What are Corporations?
A corporation is a legal and business entity with separate rights and liabilities from its founding (as well as new) members. Corporations are formed for a number of reasons: to organize a new business, to protect its members from liabilities and to pool resources together. In essence, a corporation is simply a type of business; usually larger businesses register as corporations in order to handle a larger amount of members, stock owners, and partners.
There are different types of corporations that can be registered. Understanding the different benefits and features of each corporation type is important if you are planning on creating a corporation for your business, as some corporation types are better suited for different business models and industries.
What kinds of corporations exist?
In the United States, there are a few different types of corporations to be aware of:
- General Corporation, or C Corporation: The most common corporation structure in the U.S., the C Corporation is popular because it allows for an unlimited number of stockholders – ideal for big businesses that plan on having a lot of investors or even going public with their shares. If you are planning on having over 30 stockholders in your corporation, you will likely be looking to file for a C Corporation structure.

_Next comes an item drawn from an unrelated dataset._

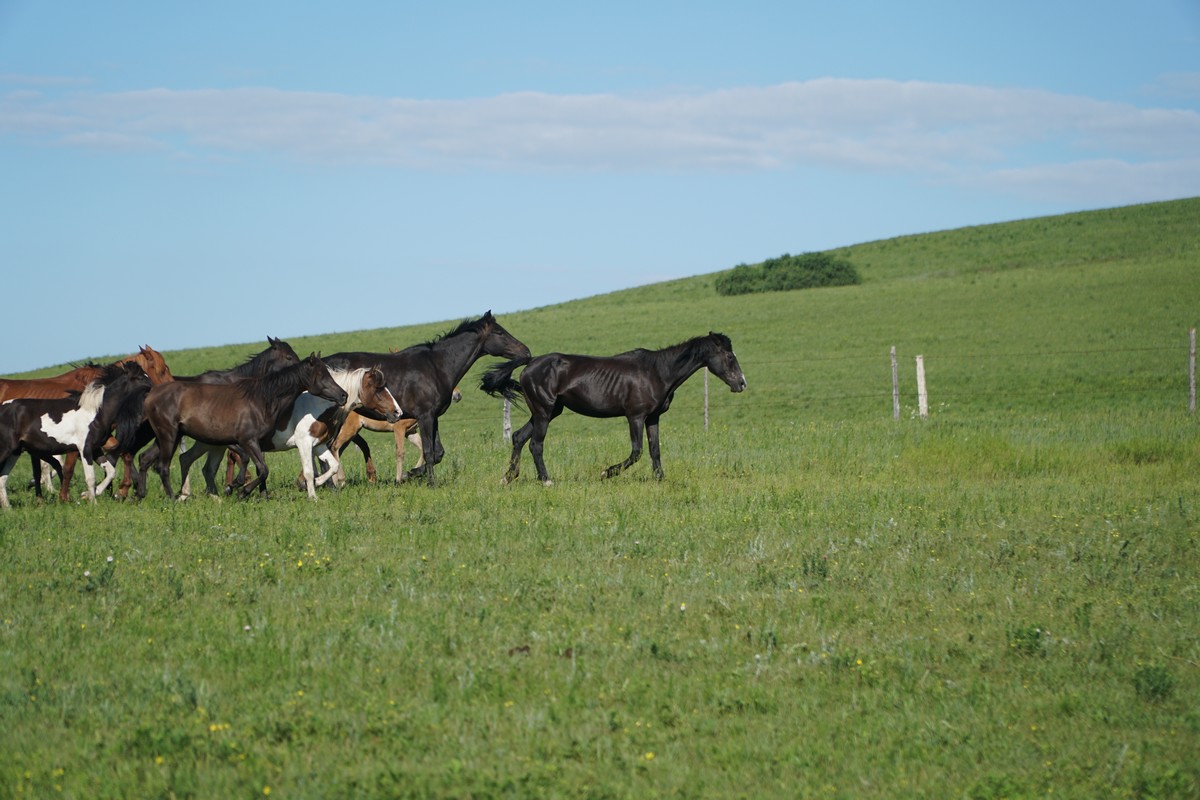 京极真男同漫画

- S Corporation: Also known as a Subchapter S Corporation, this corporate structure is ideal for sole proprietors who want to be registered as a corporation but still enjoy many of the benefits of sole proprietorship. Needless to say, is a common type of corporation for smaller businesses, as the maximum number of stockholders is currently at the level of 75.

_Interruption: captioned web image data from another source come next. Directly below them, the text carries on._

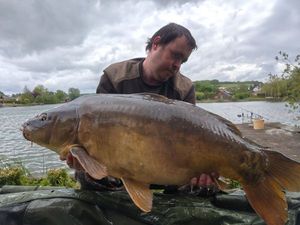 Mirror Carp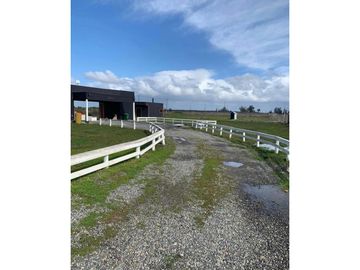 SE VENDE TERRENO 1HA SAN NICOLAS, ÑUBLE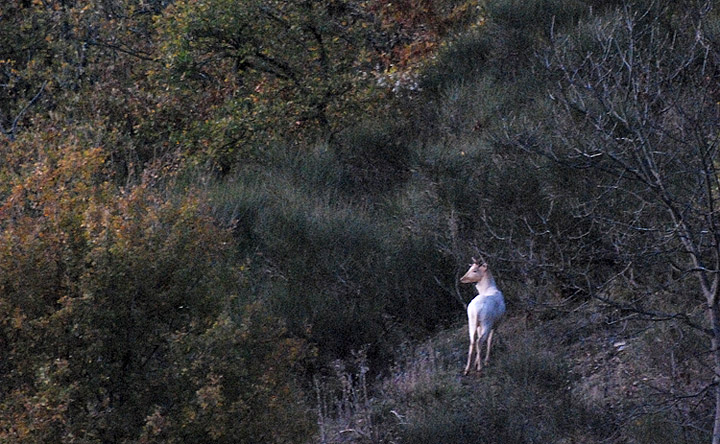 Daino: colorazione del mantello e altro...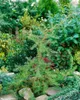 Larix kaempferi, Japanische Lärche, 80–100 cm Produktbild-Vorschau 12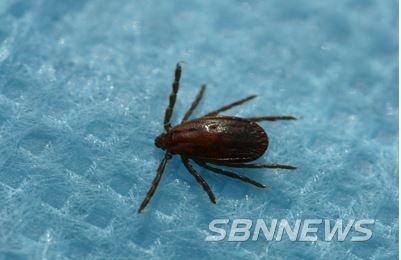 작은 소피 참진드기 (사진=충남도)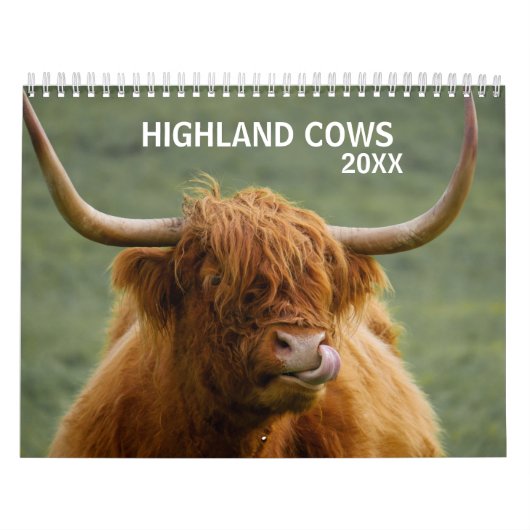 Highland Cows Farm Animal Schottland Kalender (Titelbild)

These are two of the most common types of corporations. If you see a company registered as an LLC, remember that the “C” actually stands for “Company,” and the organization registered thusly is technically not a corporation. There are, however, many similarities between LLCs and small corporations.
What kind of corporation should my business be?

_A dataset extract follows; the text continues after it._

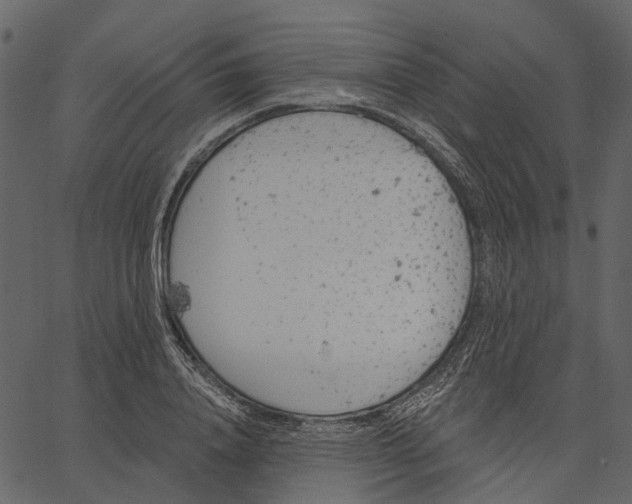 X0000062610840200601111006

That will depend on your business’s goals and needs. If you are a one-man or one-woman operation and don’t have a big need to expand with more members, you may be just fine running a sole proprietorship; in time, you may want to register as an S Corporation. If you have a business that is in need of outside money and is looking to expand, then a C Corporation will likely be in the cards. However, to get the best gauge on your situation, you’ll need to know more than these simple goals; you’ll need to know the precise limitations and capacities of each corporation type.
What kind of limitations does an S Corporation have?
Registering as an S Corporation comes with a number of benefits, such as the tax benefits of a sole proprietorship. However, this advantage also comes with a number of limitations. For example, passive income (such as income on rental property) cannot constitute more than 25% of the gross revenues of an S Corporation. Additionally, offering stock is difficult, as there is only one class of stock to be issued and the amount of shareholders has to be limited to 75. For many sole proprietorships, however, registering as an S Corporation allows for additional liability protection while not increasing tax burden.
Why should I incorporate?
You don’t necessarily have to. Again, it depends on your business and legal needs. The advantages to filing for corporation status are numerous; it helps to keep your liability in business dealings down while also allowing you certain tax benefits. However, there may be some limitations in certain types of corporation filings that you’ll want to be aware of. The best way to evaluate your own incorporation needs is to evaluate the needs of your business and then research which corporation type suits those needs the best. It’s also important to confer with any other members of your business.
How do I file for corporation status?
Filing for corporation status is not as difficult as it sounds. It merely requires the right paperwork and that you follow all of the procedures involved. Many downloadable corporation forms will come with instructions for filing for corporation status in your state, so be sure that you use the forms relevant to your company’s location. From there, you should have no trouble preparing the forms by filling in the blanks, reading them through, and sending them to the appropriate state office.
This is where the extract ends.